The previous PASN implementation had checks only for SAE as the base
AKMP. Update PASN logic to treat SAE-EXT-KEY as a valid base AKM
alongside SAE in Responder cases, enabling PASN operations with the
extended SAE key management suite.
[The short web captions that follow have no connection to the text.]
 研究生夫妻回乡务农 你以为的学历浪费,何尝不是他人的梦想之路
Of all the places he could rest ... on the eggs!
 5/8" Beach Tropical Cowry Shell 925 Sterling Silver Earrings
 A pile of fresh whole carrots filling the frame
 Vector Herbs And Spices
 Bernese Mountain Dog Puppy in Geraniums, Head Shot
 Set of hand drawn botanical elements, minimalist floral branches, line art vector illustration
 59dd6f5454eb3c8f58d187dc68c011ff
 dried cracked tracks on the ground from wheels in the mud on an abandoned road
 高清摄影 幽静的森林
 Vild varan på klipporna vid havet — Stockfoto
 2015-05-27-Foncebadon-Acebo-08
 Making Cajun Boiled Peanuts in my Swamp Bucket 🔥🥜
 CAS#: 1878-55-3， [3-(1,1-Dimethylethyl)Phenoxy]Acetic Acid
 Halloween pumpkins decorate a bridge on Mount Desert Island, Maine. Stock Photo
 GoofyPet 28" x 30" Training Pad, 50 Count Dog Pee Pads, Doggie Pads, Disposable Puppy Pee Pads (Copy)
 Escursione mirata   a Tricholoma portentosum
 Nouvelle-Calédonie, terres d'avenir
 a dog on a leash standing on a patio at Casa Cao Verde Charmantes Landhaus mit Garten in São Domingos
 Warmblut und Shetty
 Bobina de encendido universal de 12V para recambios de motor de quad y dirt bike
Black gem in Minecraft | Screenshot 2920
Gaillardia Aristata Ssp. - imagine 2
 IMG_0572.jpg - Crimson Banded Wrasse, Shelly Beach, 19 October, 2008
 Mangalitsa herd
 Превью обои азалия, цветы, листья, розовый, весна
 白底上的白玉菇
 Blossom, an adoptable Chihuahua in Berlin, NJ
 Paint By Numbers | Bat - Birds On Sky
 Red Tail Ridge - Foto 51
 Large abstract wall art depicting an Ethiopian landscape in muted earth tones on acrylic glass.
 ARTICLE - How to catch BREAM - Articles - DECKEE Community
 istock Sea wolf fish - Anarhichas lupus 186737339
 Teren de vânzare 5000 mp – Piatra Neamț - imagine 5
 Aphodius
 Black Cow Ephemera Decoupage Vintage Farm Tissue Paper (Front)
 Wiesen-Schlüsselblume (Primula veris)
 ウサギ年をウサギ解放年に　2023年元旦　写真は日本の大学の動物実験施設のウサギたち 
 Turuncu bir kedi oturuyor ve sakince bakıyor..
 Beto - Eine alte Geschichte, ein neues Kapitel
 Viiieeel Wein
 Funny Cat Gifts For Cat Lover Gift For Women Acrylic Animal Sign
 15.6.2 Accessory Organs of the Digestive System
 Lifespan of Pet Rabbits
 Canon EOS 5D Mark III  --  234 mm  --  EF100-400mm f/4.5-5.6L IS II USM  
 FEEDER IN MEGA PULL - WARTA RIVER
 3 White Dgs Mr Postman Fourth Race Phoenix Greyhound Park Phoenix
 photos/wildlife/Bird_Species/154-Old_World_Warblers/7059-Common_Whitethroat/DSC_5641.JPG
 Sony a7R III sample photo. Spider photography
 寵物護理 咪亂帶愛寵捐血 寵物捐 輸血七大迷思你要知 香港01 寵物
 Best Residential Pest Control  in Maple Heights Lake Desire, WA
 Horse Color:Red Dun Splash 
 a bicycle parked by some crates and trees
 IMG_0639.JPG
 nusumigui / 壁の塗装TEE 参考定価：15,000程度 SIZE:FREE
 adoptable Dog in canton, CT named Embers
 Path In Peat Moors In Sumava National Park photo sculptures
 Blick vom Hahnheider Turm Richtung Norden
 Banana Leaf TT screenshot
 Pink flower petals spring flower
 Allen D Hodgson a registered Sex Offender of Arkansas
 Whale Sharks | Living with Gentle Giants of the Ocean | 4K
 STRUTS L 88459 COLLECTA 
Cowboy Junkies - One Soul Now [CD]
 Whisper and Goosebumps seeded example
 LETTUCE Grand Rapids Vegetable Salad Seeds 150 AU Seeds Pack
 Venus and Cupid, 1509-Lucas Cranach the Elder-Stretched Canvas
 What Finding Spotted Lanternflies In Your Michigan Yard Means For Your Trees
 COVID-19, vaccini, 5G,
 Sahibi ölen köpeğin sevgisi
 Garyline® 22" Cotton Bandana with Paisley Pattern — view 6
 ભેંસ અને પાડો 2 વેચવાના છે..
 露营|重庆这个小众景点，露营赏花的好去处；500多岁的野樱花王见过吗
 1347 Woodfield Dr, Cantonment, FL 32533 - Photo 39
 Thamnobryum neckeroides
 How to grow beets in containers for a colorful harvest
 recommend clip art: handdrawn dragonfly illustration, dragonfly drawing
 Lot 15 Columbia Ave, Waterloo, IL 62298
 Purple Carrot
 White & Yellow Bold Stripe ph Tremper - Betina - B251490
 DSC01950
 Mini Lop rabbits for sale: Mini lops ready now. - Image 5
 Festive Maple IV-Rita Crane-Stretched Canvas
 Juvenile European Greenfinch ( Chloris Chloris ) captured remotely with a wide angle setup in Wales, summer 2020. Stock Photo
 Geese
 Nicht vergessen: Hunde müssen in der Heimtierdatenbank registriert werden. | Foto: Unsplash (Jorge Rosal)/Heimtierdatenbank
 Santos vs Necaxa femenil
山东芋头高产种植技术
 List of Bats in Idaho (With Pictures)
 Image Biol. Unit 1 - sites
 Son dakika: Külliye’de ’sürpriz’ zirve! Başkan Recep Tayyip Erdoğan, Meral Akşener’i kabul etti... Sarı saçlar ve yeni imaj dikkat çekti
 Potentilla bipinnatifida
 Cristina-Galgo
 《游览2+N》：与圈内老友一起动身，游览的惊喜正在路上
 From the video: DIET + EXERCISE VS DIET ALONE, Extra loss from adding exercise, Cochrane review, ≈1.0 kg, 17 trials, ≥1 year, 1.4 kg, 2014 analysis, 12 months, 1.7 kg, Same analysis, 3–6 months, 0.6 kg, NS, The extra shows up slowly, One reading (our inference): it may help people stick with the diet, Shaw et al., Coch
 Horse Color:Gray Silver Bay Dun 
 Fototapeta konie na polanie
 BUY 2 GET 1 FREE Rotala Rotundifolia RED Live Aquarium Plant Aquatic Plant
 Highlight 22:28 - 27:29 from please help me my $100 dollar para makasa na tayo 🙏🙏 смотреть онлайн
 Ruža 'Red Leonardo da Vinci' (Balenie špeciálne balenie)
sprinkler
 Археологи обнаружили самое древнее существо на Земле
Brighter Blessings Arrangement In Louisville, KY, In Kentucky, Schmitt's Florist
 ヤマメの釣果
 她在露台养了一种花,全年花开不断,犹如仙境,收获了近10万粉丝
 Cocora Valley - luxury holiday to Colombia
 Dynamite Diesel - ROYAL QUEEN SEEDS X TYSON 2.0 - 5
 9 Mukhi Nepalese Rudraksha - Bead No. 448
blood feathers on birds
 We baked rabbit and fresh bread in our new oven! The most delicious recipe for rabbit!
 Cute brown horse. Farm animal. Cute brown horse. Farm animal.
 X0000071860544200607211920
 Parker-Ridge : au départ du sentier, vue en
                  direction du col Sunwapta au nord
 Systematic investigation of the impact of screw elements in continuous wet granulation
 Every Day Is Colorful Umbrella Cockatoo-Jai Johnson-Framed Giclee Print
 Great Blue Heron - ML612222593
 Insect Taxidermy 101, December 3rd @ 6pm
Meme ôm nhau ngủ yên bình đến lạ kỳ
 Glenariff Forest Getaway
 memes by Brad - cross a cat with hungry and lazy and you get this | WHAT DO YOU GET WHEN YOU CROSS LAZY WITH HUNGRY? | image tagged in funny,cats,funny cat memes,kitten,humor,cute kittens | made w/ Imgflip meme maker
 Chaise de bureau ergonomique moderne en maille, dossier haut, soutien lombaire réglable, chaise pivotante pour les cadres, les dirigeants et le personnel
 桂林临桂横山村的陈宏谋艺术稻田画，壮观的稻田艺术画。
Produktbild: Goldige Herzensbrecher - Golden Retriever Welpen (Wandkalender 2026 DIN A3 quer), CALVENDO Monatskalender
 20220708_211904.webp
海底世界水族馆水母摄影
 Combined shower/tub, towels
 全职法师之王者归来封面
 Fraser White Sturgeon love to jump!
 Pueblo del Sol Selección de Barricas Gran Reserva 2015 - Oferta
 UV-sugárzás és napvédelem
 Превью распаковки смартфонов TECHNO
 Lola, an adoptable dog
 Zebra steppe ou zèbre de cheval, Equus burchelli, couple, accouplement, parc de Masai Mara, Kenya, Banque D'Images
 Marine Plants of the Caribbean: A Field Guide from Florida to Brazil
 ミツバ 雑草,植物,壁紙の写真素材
This aligns with IEEE Std 802.11-2024
updates to PASN with SAE.

Signed-off-by: Sai Pratyusha Magam <smagam@qti.qualcomm.com>
Signed-off-by: Rohan Dutta <drohan@qti.qualcomm.com>

diff --git a/src/pasn/pasn_responder.c b/src/pasn/pasn_responder.c
index a4dc2a680f393ff0612b960b250874ee086832a3..179ecc4ea54fd15eaea847676be4089e54f0151b 100644 (file)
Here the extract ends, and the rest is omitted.